TASK GOAL:
What you return should match the listing exactly, minus its images.

DATA BLOCK:
* * * *

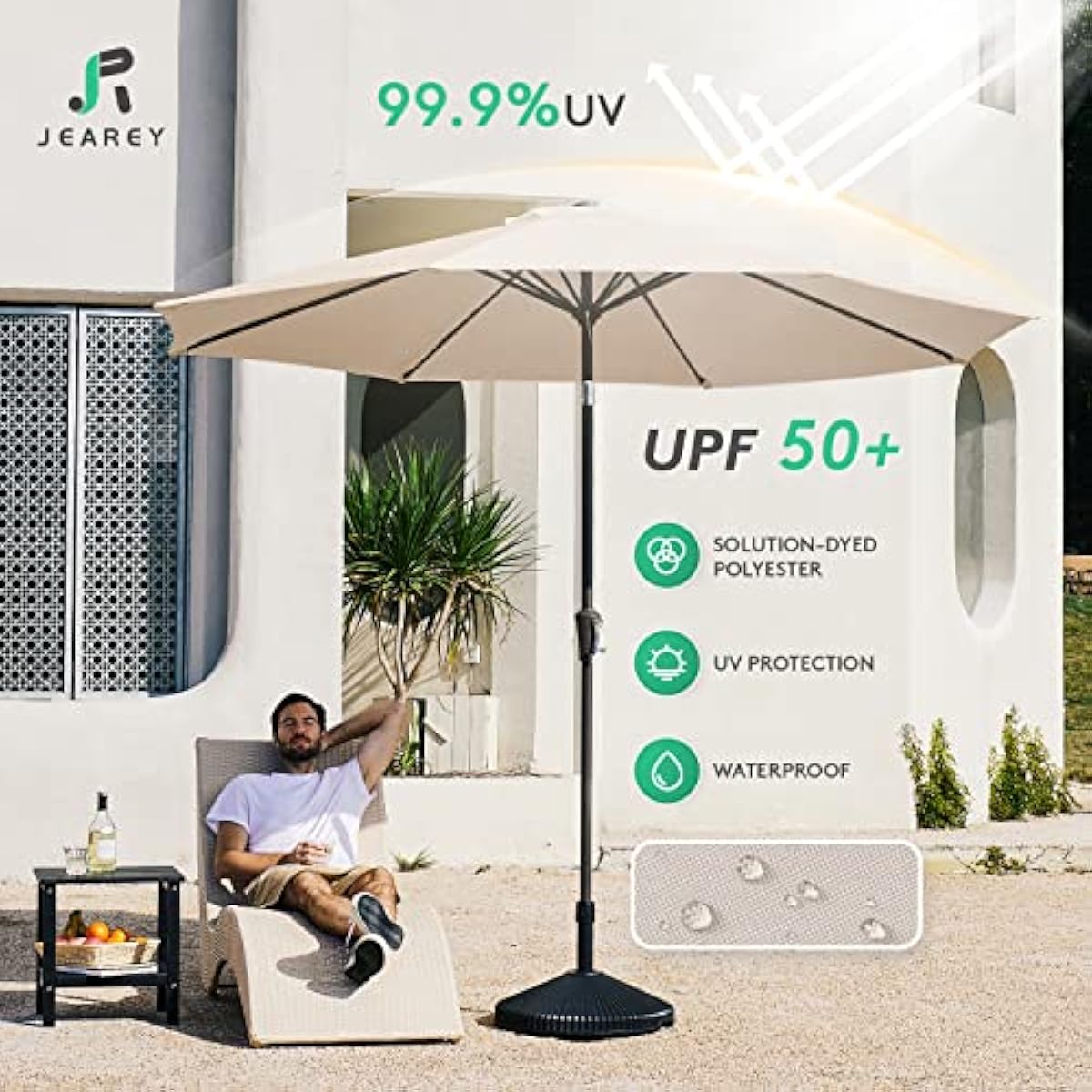 JEAREY 9FT Outdoor Patio Umbrella Outdoor Table Umbrella with Push Button Tilt and Crank, Market Umbrella 8 Sturdy Ribs UV Protection Waterproof for Garden, Deck, Backyard, Pool (Beige)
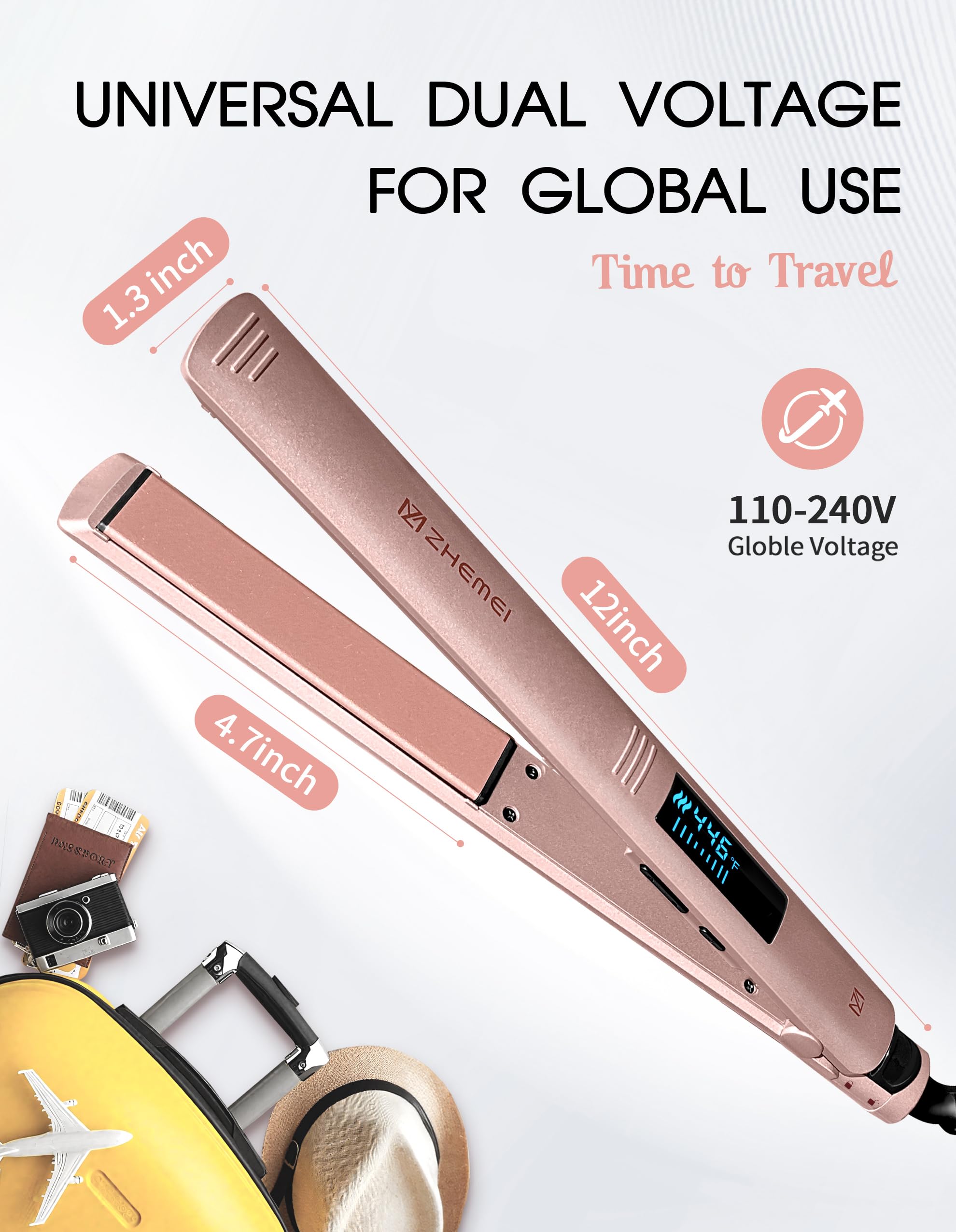 Plancha plana de 1 pulgada con pantalla LED, plancha profesional PTC cerámica de iones negativos, plancha de pelo de doble voltaje para cabello de mujer, calienta hasta 230.0 °C, 6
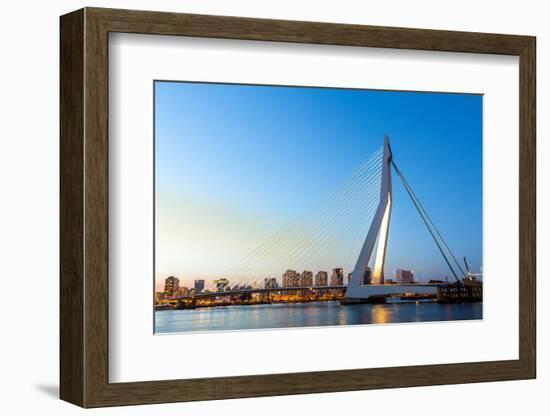 Erasmus Bridge over the River Meuse in , the Netherlands-vichie81-Framed Photographic Print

* * * *

ANSWER SECTION:
 JEAREY 9FT Outdoor Patio Umbrella Outdoor Table Umbrella with Push Button Tilt and Crank, Market Umbrella 8 Sturdy Ribs UV Protection Waterproof for Garden, Deck, Backyard, Pool (Beige)
 Plancha plana de 1 pulgada con pantalla LED, plancha profesional PTC cerámica de iones negativos, plancha de pelo de doble voltaje para cabello de mujer, calienta hasta 230.0 °C, 6
 Erasmus Bridge over the River Meuse in , the Netherlands-vichie81-Framed Photographic Print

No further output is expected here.